Produce an exact transcription of the listing below, omitting the pictures.

▶ _GIVEN INFORMATION_
--------------------
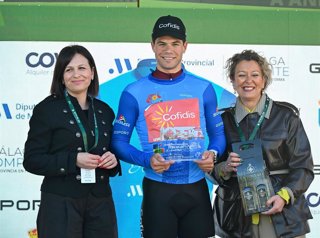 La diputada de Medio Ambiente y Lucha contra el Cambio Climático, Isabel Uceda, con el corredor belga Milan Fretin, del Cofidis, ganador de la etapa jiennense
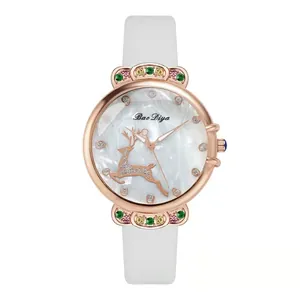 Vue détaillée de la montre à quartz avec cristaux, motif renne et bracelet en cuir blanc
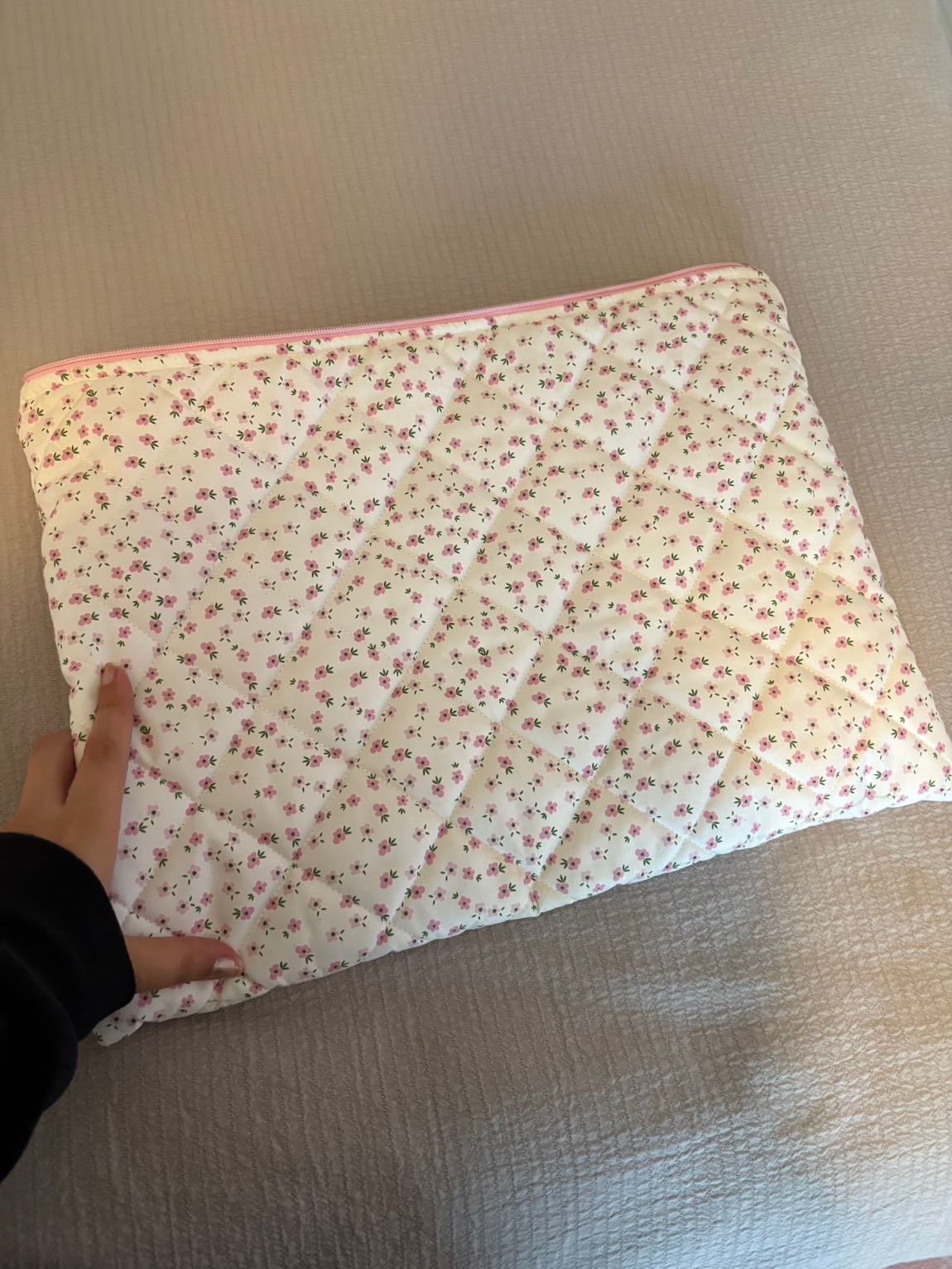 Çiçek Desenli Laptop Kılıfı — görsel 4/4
--------------------
▶ _ANSWER TO THIS PROBLEM_
 La diputada de Medio Ambiente y Lucha contra el Cambio Climático, Isabel Uceda, con el corredor belga Milan Fretin, del Cofidis, ganador de la etapa jiennense
 Vue détaillée de la montre à quartz avec cristaux, motif renne et bracelet en cuir blanc
 Çiçek Desenli Laptop Kılıfı — görsel 4/4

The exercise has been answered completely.